Why is it that summers used to last so much longer back then?  School would be out in early June, and by the time horrid September rolled around, it seemed three years had passed.

What fun it was to be young, and for it to be summer!  No homework, no need to stay in shape, no starving oneself to make weight for wrestling, girls galore at the country club and on the beach, softball on the public lawns of Greenwich, Connecticut, or soccer on the lawns of Vouliagmeni, east of Athens, where Greek shipowners parked their yachts.  Sailing boats, that is.  The first man to own a gin palace was Aristotle Onassis, who had a Canadian frigate converted, and it all went downhill from then on.  Youth never worries, and takes its fun whenever and wherever it can get it—hence one didn’t worry about being locked up in boarding school until it actually happened.  (Now, in old age, I worry about something unpleasant months before I have to go through with it.)  And how quickly and easily one fell in love during those long summer days and nights, and—thank God—how even more rapidly one fell out of love when something more exotic came along.  I’d say on average there were three to four major romances during those unending summers—with each one starting “for life and for ever after,” until the inevitable happened.  Time seemed to go so slowly that one is now embarrassed at how little a second bite at the cherry one had with all that time on one’s hands.  The first time I ever kissed a girl—Marina was 11, and I was 12—was during a hot summer evening.  Then came Margo, Isla, and Mary.  (Then came September, and the kissing had to stop.)  Amazing how 64 years later I not only remember their names but exactly what they looked like.  Mind you, they wouldn’t recognize me now, and vice versa, I’m sure.

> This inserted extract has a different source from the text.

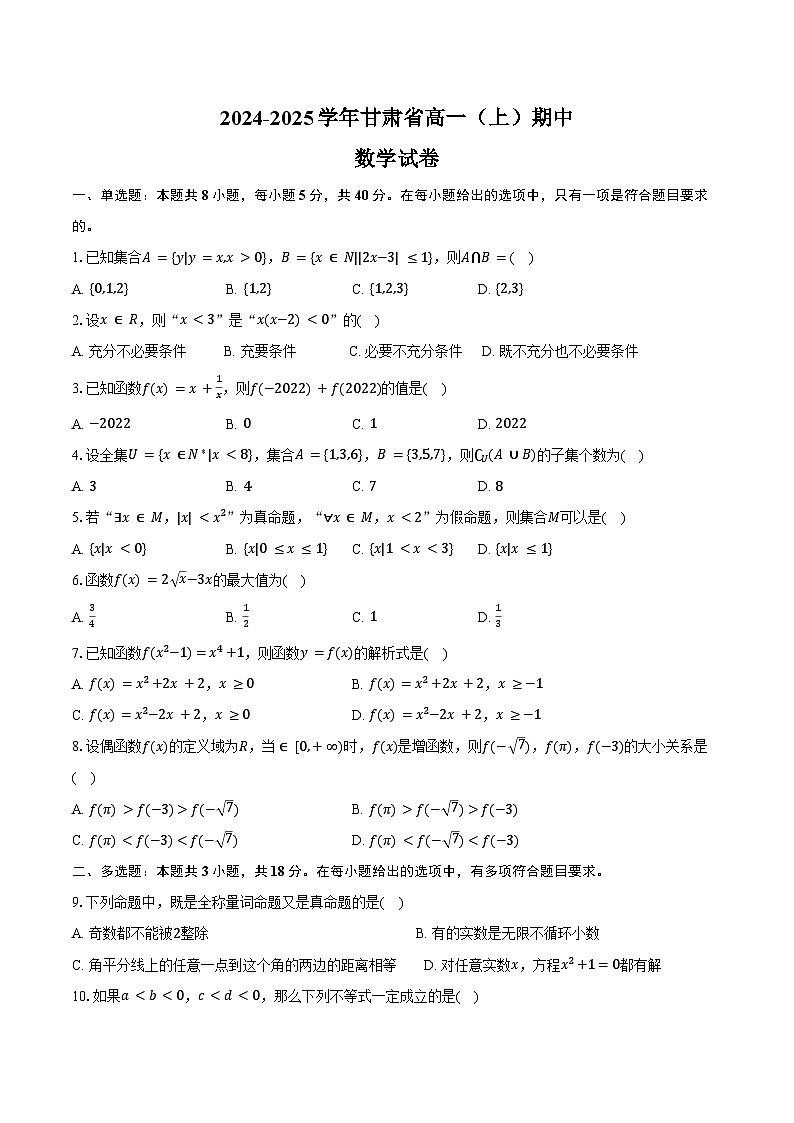 2024-2025学年甘肃省高一（上）期中数学试卷（含答案）第1页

Yes, as the song says, “Summertime and the livin’ is easy,” with those haunting Jo Stafford songs and Peggy Lee and Joni James and Edward Hopper’s masterpiece called “Summertime,” of a beautiful and shy young woman standing on some steps, with her hat shielding her from the sun.  Those were the golden-haze years after the war, when baseball was played in flannels, players flung themselves on guard railings without pads to catch a fly ball, pitchers went nine innings, there was no trash talking in college or pro football, everyone, rich or poor, wore a hat, and every man took his off when a lady entered an elevator.  Taxi drivers spoke English—Brooklynese, actually—and were either Jewish or Italian, with a few Greeks thrown in for good measure.  They wore caps, were extremely polite, and most of the yellow cabs were Packards with jump seats.  Fifth Avenue went both ways, and Harry Truman used to walk without Secret Service company up and down the street early in the morning.  When in New York, he lived at the Carlyle.  Through the mist of time and nostalgia I now imagine summers where doors were left unlocked, children played in the streets, crime was nonexistent—at least where I lived—and people really did look out for one another.

War was central in our lives.  We remembered the world war only too well, and waited in vain for news from Fraulein, who had brought us up and had left as the Greek civil war raged to return to Dresden.  When the Korean War began children would fire imaginary machine guns in the woods, and dive-bomb with ear-damaging howls into the arc of heroic death.  Poor kids had wooden tommy guns, and we’d laugh at them because we were grown-ups.  Wartime values, however, were still very strong.  Respectability, conformity, restraint, and trust were what underpinned the 50’s.  Children, especially in Athens, would walk to school by themselves, even as young as eight.  No one would think of bothering them.  Bicycles were left against walls unchained at bus stops or at railway stations.

Parents were remote figures, especially one’s father, who was either away at war or in his office.  But come summertime, things changed.  Father would take us boating, play soccer with us, and once, in Greenwich, even try to play a strange (to him) game—he called it “palouki,” which means a large piece of wood—baseball.  (He didn’t do so good, as they’d say in Brooklyn.)

No respectable girl bared her breasts on the beach, except in the south of France.  Even as far back as the summer of 1952, a 15-year-old could sit on the railings in Cannes and look at bare-breasted women to his heart’s content.  At night, young prostitutes would tease one at the croisette, asking if one had ever been with a woman.  “Come on, I’ll show you—how much change have you got on you?”  And then, on the way back to jail, I had a reprieve when I met Olga on the Constitution returning to New York.  We had six days and secret nights together, swore eternal love and planned marriage, and once I was off the boat and on my way back to school, I never spoke to or saw her again.